Vya Domus · Dec 8, 2019

R-T-B said:
There you go, no example necessary.

At this point I am fairly convinced you never had an example in mind to being with.

R-T-B said:
Implementing a instruction, takes transistors. CISC has more instructions.

As I explained above, the difference this makes in real world is practically zero. Half or more of most CPU's transistor budget these days is just the cache for crying out loud.

EPYC 7742 a 64 core x86 CPU is 32 billion transistors and Graviton2 an ARM based CPU, also 64 cores, is 30 billion transistors. Not quite what you'd except is it ?

FordGT90Concept · Dec 8, 2019

windwhirl said:
Does anyone know if that's actually true or not?

No.
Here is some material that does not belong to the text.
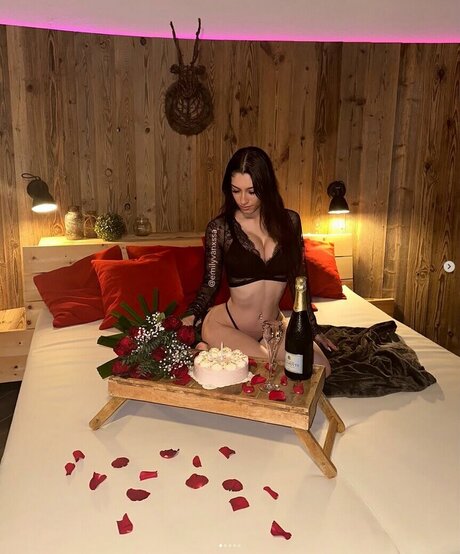 Nahá fotka uniklých OnlyFans od Emilyvanxssa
Most Intel Atoms are passively cooled, for example.

All processors have thermal/power design envelopes to meet. It just happens that most CISC processors target high power applications.

Superscalar processors (like Ryzen and Core) have CISC frontends with RISC execution units.

The fundamental difference between CISC and RISC is that CISC takes care of a lot of memory operations internally where RISC doesn't. That allows complex operations to be micromanaged in integrated circuits to accelerate it. Because of those circuits, for example, CPUs can do a much better job at hardware transcoding video streams than ASICs do which RISC architectures like ARM uses. They tend to sacrifice accuracy for performance.

R-T-B · Dec 9, 2019

biffzinker said:
Only on the front end for decoding though, the back end is RISC (K.)

I'd say RISC won the battle between CISC, and RISC when the backend of a x86 processor decodes to a internal RISC ISA.

Again, waters are muddied to Oblivion. But still, implementing that takes extra transistors: point stands.

Vya Domus said:
At this point I am fairly convinced you never had an example in mind to being with.

You dismissed the only example I could provide besides logical ones as "pointless without power consumption figures"

So until I establish less instructions is less power expensive than more, showing you assembly instruction listings is pointless.

Vya Domus said:
As I explained above, the difference this makes in real world is practically zero.

...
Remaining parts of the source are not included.